Pendant ce temps, au bureau et dans ceux de mes collègues
et amis, y'a une pénurie de main d'oeuvre. - Qui, de nos jours, veut
faire carrière dans l'assurence, la comptabilité, la vente au détail
? Ou dans une - quoi ? - manufacture ? - Eurk !
Si seulement je pouvais nourrir non pas quatre adultes
ou adolescents, mais deux adultes et un pré-ado avec $75 par semaine.
C'est pourtant ce que notre Premier Ministre actuel affirmait récemment...
Et ouis, de temps en temps, j'aimerais ça, moi boire
du vin ou me payer une serait-ce qu'une blouse signée.
Georges
***
061-2018-08-06
Les vacances de la construction
Mais oui, je comprends : mon père était plombeur. La première fois qu'il est resté à la maison à ne rien faire, c'est quand y'a eu la main brûlée par
un apprenti qui lui avait versé du plomb fondu au lieu d'à
l'intérieur d'un cercle de deux tuyaux de fonte où y'vait de l'étoupe
pour les réunir. - Les vieux plombeurs à l'écoute savent de quoi je parle.
Le reste du temps, il travaillait.
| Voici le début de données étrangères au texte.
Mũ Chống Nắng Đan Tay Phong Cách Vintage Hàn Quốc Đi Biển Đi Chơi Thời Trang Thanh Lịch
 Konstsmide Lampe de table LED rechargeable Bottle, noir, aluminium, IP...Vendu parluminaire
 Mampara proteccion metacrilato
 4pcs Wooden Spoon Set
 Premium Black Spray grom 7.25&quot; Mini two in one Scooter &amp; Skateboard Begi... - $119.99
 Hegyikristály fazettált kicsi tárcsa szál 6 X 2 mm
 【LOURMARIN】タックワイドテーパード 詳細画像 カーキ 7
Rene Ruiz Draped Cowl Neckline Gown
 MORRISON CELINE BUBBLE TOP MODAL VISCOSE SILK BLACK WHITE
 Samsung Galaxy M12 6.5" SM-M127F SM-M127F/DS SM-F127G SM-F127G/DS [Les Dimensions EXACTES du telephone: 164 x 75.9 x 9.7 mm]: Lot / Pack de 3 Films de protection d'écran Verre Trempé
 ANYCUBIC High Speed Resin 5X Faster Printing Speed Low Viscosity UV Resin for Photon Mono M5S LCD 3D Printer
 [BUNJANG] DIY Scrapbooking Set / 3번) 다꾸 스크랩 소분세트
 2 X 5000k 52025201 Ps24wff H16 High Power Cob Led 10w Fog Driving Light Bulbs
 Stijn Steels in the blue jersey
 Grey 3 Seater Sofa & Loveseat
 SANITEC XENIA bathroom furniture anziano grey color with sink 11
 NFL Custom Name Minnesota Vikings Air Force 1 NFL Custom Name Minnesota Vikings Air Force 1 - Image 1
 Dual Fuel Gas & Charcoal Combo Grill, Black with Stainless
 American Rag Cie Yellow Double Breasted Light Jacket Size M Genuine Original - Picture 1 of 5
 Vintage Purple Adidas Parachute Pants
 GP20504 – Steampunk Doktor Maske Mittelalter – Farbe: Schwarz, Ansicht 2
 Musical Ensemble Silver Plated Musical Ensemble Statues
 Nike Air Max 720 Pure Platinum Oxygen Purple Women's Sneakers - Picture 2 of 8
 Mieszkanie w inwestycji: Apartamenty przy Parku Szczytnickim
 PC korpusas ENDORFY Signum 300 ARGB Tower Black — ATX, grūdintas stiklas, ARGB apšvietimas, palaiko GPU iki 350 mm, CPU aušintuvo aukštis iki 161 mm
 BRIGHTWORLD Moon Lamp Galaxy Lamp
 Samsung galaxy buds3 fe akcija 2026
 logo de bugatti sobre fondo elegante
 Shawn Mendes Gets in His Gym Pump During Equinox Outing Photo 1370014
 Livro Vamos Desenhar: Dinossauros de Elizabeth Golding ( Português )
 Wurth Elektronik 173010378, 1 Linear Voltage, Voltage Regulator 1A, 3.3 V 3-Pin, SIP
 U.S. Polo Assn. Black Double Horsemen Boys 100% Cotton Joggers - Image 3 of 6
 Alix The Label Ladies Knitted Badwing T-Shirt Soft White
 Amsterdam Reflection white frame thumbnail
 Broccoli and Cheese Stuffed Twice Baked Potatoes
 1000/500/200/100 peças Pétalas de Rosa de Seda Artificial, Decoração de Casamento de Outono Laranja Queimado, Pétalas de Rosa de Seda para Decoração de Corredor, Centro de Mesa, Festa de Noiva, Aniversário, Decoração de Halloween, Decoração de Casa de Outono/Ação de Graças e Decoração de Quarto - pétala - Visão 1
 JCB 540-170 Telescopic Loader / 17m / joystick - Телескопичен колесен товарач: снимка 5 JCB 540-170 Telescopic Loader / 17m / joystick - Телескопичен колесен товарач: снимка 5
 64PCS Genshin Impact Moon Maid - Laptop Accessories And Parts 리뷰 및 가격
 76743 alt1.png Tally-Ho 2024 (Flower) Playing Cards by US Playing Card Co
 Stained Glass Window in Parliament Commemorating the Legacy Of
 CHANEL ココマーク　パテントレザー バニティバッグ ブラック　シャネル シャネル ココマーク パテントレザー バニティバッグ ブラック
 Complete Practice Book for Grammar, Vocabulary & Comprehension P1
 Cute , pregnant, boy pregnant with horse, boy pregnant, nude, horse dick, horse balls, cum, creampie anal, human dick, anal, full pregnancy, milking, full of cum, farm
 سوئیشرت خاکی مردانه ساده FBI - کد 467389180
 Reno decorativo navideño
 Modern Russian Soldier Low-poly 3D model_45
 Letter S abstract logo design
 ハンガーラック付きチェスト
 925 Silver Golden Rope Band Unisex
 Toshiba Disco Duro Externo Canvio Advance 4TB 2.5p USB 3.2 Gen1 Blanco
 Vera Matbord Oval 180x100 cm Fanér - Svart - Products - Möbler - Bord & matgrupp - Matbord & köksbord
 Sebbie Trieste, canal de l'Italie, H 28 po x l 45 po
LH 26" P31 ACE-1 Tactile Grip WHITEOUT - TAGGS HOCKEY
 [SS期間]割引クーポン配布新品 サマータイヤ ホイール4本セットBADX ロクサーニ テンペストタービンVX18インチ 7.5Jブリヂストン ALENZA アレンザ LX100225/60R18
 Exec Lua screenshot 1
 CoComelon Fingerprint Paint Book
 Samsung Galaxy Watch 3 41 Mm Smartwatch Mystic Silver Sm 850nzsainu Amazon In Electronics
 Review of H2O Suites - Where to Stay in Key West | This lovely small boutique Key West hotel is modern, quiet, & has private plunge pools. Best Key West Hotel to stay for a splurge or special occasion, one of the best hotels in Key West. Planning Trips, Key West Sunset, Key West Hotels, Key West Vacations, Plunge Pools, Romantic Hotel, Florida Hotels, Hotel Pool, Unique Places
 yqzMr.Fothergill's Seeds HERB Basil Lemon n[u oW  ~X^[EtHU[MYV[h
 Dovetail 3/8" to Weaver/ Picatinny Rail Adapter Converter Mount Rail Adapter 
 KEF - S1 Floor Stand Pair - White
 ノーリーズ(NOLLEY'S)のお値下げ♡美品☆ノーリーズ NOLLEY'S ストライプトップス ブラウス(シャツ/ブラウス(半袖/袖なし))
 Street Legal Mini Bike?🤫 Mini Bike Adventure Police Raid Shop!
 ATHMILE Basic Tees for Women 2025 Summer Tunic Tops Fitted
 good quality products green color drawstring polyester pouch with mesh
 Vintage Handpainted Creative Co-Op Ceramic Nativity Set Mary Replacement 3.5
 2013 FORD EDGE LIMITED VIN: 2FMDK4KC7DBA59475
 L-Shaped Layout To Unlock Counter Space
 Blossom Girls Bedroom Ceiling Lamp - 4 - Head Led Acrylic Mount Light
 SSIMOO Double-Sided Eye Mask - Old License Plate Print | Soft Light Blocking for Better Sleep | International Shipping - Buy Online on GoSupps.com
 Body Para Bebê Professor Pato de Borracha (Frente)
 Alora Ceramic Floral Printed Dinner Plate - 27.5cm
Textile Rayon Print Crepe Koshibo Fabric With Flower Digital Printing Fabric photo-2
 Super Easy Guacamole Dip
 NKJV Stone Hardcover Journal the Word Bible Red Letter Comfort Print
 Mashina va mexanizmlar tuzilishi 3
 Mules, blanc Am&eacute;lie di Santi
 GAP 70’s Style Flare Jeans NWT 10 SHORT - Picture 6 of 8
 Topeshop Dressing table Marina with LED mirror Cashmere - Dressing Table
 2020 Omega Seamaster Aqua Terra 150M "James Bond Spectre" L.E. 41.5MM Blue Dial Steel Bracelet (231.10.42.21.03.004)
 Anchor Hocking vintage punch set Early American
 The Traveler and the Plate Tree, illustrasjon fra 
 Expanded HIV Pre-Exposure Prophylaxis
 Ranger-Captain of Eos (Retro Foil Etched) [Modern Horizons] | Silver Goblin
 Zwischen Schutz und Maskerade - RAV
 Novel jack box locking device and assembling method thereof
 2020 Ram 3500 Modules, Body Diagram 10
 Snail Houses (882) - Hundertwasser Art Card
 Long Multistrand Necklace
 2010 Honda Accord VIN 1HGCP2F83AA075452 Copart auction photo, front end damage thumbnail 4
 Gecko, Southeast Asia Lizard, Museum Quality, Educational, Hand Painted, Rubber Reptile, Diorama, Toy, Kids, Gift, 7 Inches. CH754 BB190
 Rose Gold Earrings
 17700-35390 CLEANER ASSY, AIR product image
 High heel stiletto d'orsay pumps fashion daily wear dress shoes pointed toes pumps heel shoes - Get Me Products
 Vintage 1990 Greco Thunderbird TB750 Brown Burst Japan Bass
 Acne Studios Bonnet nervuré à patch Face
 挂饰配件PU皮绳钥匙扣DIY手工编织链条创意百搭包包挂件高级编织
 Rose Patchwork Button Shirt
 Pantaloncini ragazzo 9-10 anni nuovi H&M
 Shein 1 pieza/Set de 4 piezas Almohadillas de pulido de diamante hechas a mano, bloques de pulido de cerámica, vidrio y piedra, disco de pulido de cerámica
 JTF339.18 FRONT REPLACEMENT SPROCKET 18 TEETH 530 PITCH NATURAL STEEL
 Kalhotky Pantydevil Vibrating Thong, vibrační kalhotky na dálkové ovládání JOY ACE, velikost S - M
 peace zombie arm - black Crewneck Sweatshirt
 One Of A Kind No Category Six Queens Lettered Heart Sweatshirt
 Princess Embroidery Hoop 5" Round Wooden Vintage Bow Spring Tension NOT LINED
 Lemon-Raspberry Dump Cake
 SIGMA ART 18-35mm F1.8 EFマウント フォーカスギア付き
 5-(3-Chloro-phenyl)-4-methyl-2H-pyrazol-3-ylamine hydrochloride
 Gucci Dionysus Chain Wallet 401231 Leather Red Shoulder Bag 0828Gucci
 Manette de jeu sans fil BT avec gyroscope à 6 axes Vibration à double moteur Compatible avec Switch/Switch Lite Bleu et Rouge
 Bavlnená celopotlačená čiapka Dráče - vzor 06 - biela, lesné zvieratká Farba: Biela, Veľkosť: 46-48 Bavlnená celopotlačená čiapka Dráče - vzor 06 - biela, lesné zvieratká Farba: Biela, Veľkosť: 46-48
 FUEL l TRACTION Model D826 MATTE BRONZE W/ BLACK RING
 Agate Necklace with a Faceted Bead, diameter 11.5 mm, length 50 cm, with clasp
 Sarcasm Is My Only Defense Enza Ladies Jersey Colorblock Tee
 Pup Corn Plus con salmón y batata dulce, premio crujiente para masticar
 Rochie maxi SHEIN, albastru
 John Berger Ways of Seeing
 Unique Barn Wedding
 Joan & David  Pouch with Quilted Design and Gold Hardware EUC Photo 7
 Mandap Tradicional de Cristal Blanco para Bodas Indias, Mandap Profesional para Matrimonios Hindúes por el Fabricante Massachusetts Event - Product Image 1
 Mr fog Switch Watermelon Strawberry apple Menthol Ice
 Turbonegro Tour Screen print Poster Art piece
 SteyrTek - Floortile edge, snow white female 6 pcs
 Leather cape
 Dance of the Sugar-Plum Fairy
Cinq jours et demi, puis cinq jours (seulement) par semaine. Quelques congés ici et là. Il est mort jeune. D'usure. Pas de vieillesse : d'usure.
Les vacances, c'étaient pour les riches. L'été, il trouvait ça o.k. la chaleur. mais l'hiver, sur des chantiers, c'était la misère.
Alors on a institué, de son vivant, les
deux semaines de vacances de la construction : les deux dernières de juillet.
Ça a eu comme effet d'arrêter le tiers de la population
dans leurs occupations normales parce que, figurez-vous, la construction,
ça implique ben du monde : les vendeurs de tapis, de gyproc, de
deux par quatre, de bouts de fils, de poignées de porte et même
les ceusses qui fabriquent ces machins qui servent à dérouler
le papier de toilette. Plus leurs conjoints ou conjointes.
Les prix de location de chalets, de chambres d'hôtels et même des
repas au restaurant ont augmenté en conséquence.
Moi, j'arrive du Maine. Deux heures à la frontière. La plus longue et la moins gardée du monde. À ce que les frères A. et C. Skonmadit.
Je suis épuisée et je recommence à
travailler demain (aujourd'hui quand vous lirez ceci).